II. The respondent (opponent) requested that the appeal be dismissed.
III. The following documents are relevant to the present decision:
D7 US-B-7 677 048
D8 EP-A-2 309 109
D9 EP-A-2 330 274
D20 EP-A-2 187 019
IV. The Board issued a summons to oral proceedings and a subsequent communication containing its provisional opinion, in which it indicated inter alia that D7 appeared to disclose all features of claim 1 save for 'the at least one compressor stage inducts a cooling air mass flow from a rotor-bearing plenum' and that the outcome of the appeal may depend upon the formulation of the objective technical problem to be solved.
V. With letter of 3 June 2022 the respondent indicated that it did not intend to attend the scheduled oral proceedings.
VI. The appellant replied with letter of 20 July 2022 commenting on the preliminary opinion.
VII. Oral proceedings were held before the Board on 18 October 2022 in the absence of the respondent. In the course of the oral proceedings, the appellant filed a replacement set of claims of the main request, claim 1 of which was drafted in the two-part form in the light of D7.
At the end of the oral proceedings, the appellant requested that the decision under appeal be set aside and the patent be maintained in accordance with the main request filed during the oral proceedings before the Board.
The respondent requested, in writing, that the appeal be dismissed.
VIII. Claim 1 of the main request, upon which the decision is based, reads as follows:
"A gas turbine (20, 30), comprising a compressor (12), which, via an air intake (11), inducts and compresses air, a combustion chamber (13), in which a fuel (14) is combusted, using the compressed air, and a hot gas is produced, and also a turbine (15), equipped with rotor or a shaft (16, 24) with turbine blades (32), in which the hot gas is expanded, performing work, wherein first means are provided in order to cool turbine blades (32) with compressed cooling air, wherein the first means comprise at least one separate compressor stage (22, 25) which produces compressed cooling air independently of the compressor (12), and wherein the at least one compressor stage (22, 25) is integrated into the rotor or into the shaft (16, 24) and wherein
the at least one compressor stage (22, 25) is designed as a radial compressor (25), and the at least one compressor stage (22, 25) delivers a main mass flow (31) of compressed cooling air to the last turbine rotor blades (32) for cooling purposes, and the at least one compressor stage (22, 25) is arranged directly aft of the last turbine rotor blades (32) in the flow direction,
characterised in that
the at least one compressor stage (22, 25) inducts a cooling air mass flow (28) from a rotor-bearing plenum (27)."
IX. The appellant's arguments relevant to the present decision may be summarised as follows:
The subject-matter of claim 1 of the main request involved an inventive step.
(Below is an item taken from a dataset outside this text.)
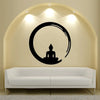 Rawpockets Decals Lord Buddha Enlightment Large Size Wall Sticker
When starting from D7, this failed to disclose solely that 'the at least one compressor stage inducts a cooling air mass flow from a rotor-bearing plenum'. The technical problem to be solved could be seen as being 'to provide an alternative source of air for cooling the last turbine stage'. D20 was not a suitable document for combining with D7 since it addressed cooling of completely different parts of the turbine; the cooling air disclosed in D7 was directed into the last turbine stage blades whereas that in D20 was directed to cool the bearing part 12 and the struts 14. Even after having cooled these components, the cooling air flow was not directed to the last turbine stage but rather into the gas path part 7 downstream of the last turbine stage (see arrow in Fig. 2 indicating airflow through cooling flow channel 17; paragraph [0036]). The skilled person would consequently not consider D20 for guidance as to a suitable source of cooling air for the last turbine stage.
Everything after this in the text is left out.